Multimodal data curation via interoperability: use cases with the Medical Imaging and Data Resource Center.
Authors
Affiliations (10)
Affiliations (10)
- Division of Imaging, Diagnostics, and Software Reliability, Office of Science and Engineering Laboratories, CDRH, US FDA, Silver Spring, MD, USA. [email protected].
- Department of Radiology, University of Chicago, Chicago, IL, USA. [email protected].
- Division of Imaging, Diagnostics, and Software Reliability, Office of Science and Engineering Laboratories, CDRH, US FDA, Silver Spring, MD, USA.
- Center for Translational Data Science, University of Chicago, Chicago, IL, USA.
- Department of Radiology, University of Chicago, Chicago, IL, USA.
- National Institute of Biomedical Imaging and Bioengineering, National Institutes of Health, Bethesda, MD, USA.
- Department of Medicine, University of California, San Diego, CA, USA.
- Department of Public Health Sciences, University of Chicago, Chicago, IL, USA.
- Department of Radiology, Stanford University School of Medicine, Stanford, CA, USA.
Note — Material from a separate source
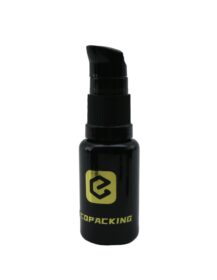 Luxury 15ml 0.5oz Round UV Violet Black Glass Pump Bottle for Serum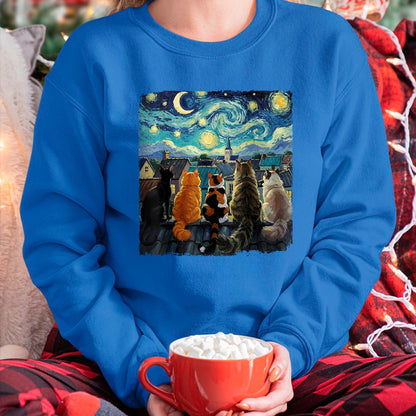 Cat Love Shirt, Funny Cat Lover Gift UnisexT-Shirt/Hoodie/Sweatshirt HLT00 - Funny Cat Starry Night Van Gogh Cats Rooftop Scene Feline T-Shirt, Women, Black, 3X-Large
- Office of the Director, National Center for Advancing Translational Sciences, National Institutes of Health, Bethesda, MD, USA.
Abstract
Interoperability (the ability of data or tools from non-cooperating resources to integrate or work together with minimal effort) is particularly important for curation of multimodal datasets from multiple data sources. The Medical Imaging and Data Resource Center (MIDRC), a multi-institutional collaborative initiative to collect, curate, and share medical imaging datasets, has made interoperability with other data commons one of its top priorities. The purpose of this study was to demonstrate the interoperability between MIDRC and two other data repositories, BioData Catalyst (BDC) and National Clinical Cohort Collaborative (N3C). Using interoperability capabilities of the data repositories, we built two cohorts for example use cases, with each containing clinical and imaging data on matched patients. The representativeness of the cohorts is characterized by comparing with CDC population statistics using the Jensen-Shannon distance. The process and methods of interoperability demonstrated in this work can be utilized by MIDRC, BDC, and N3C users to create multimodal datasets for development of artificial intelligence/machine learning models.